Check Out The Top Icelandic Foods You Must Try Out When You Visit

Iceland is famous for its natural and dramatic beauty. It has almost everything your imagination can picture of an Iceland—cascading waterfalls to jagged mountain cliffs. These dazzling and colourful auroras illuminate the sky, and the icy glaciers flanked by black sand beaches and rugged lava rocks.

It is one great place to have a vacation when you are up for it. While many people would love to go to Iceland and have a great time, they lack the necessary education on Icelandic foods that are great and would keep the trip on the unforgettable trip list. Like its fellow Scandinavian neighbours, the traditional cuisine of the Iceland people is from their immediate surroundings.
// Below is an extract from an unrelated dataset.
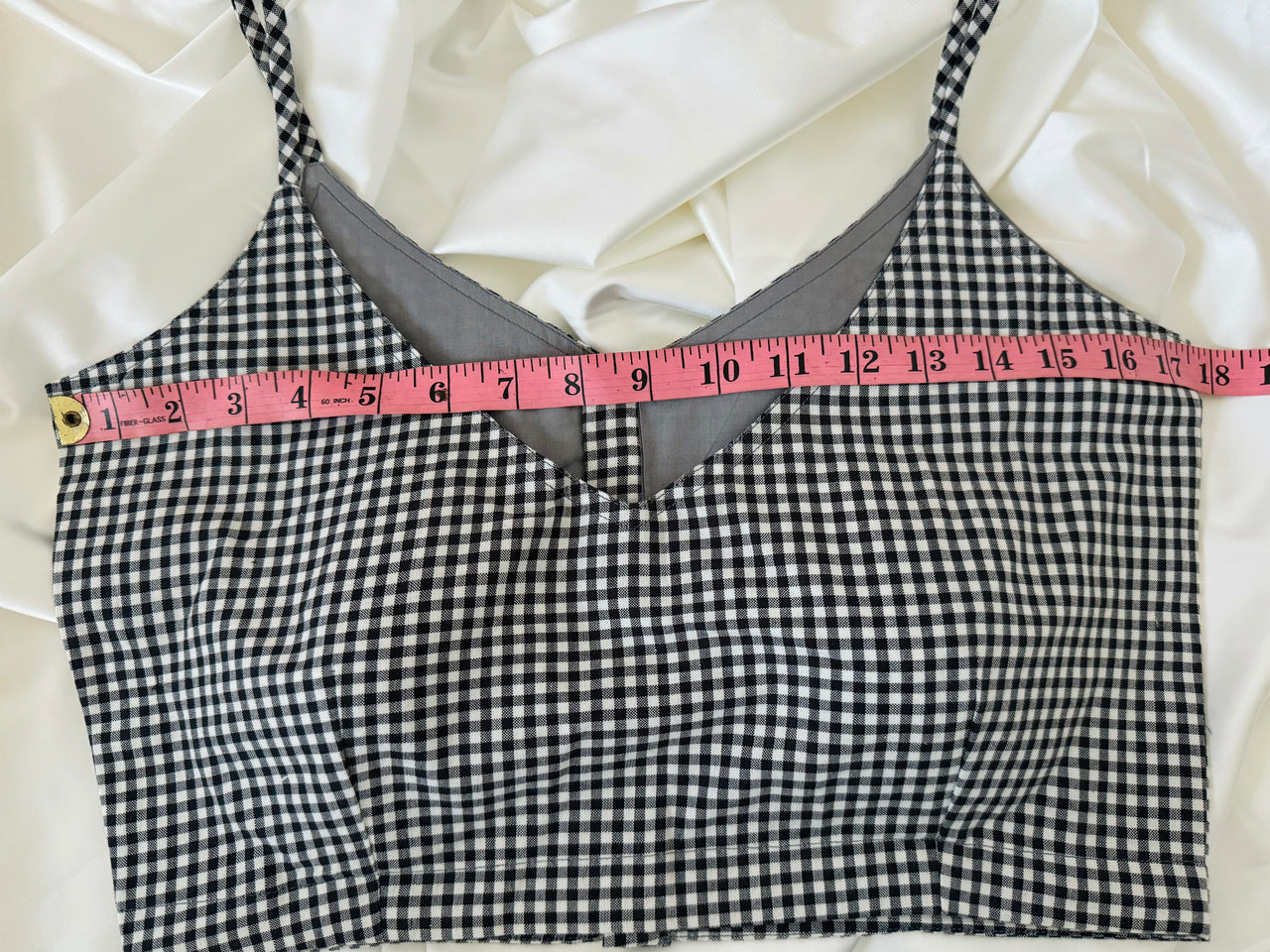 Ready To Wear Saree Blouse | Handwoven Cotton | Size 34 | Black and White Checks | Sphagetti Strap | Free Shipping | Ships from California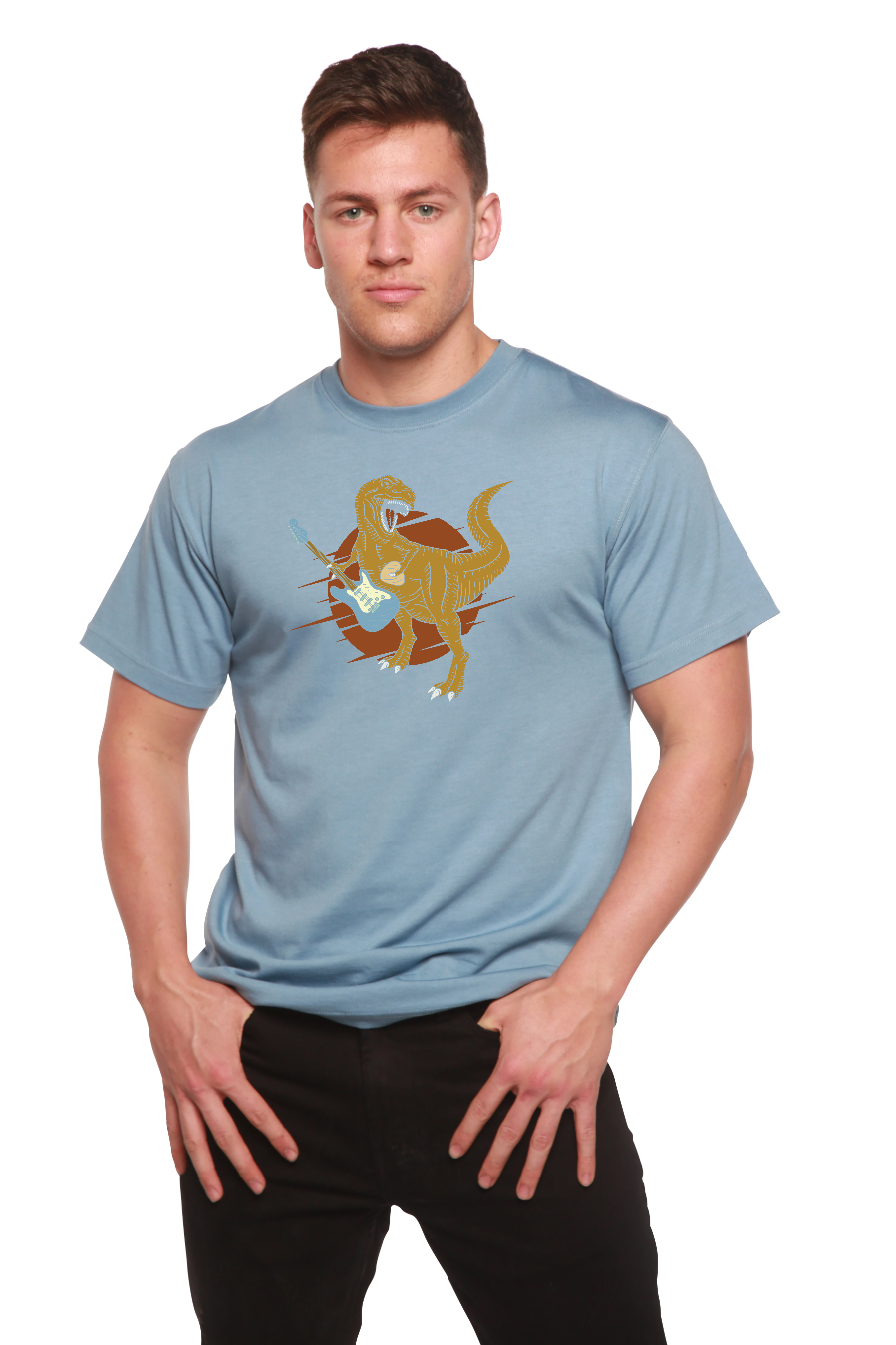 Dinosaur with a guitar Men's Bamboo Viscose/Organic Cotton Short Sleeve Graphic T-Shirt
They get their foods from sheep, cod, herring, and char fished from their cold waters. Their food is majorly natural, which implies fresh and healthy. Their table lacks the extreme elegance you will find in other countries. It is simple and elegant. Cooking is an art—many chefs are beginning to get creative with these simple ingredients.

Are you going to Iceland? Do you need travel advice on the food you should eat? Well, check out some top Icelandic food you must try when you get there.

  • Skyr: known as the Icelandic yoghurt

Skyr has been part of the Icelandic cuisine for over a thousand years. It is a cultured dairy product with the consistency of yoghurt—similar to the Greek yoghurt but has a milder flavour. Skyr is eaten with milk and fruit or berries. You can also use it in smoothies, ice cream, and skyrkaka, an alternative to cheesecakes.

  • Slow roasted lamb

Icelandic sheep are free-roaming, and their diet is a natural one. They feed on grass, sedge, moss campion, and berries. They are one of the purest breeds globally having grazed on the Icelandic hills since they were brought there by the first settlers in the 9th century.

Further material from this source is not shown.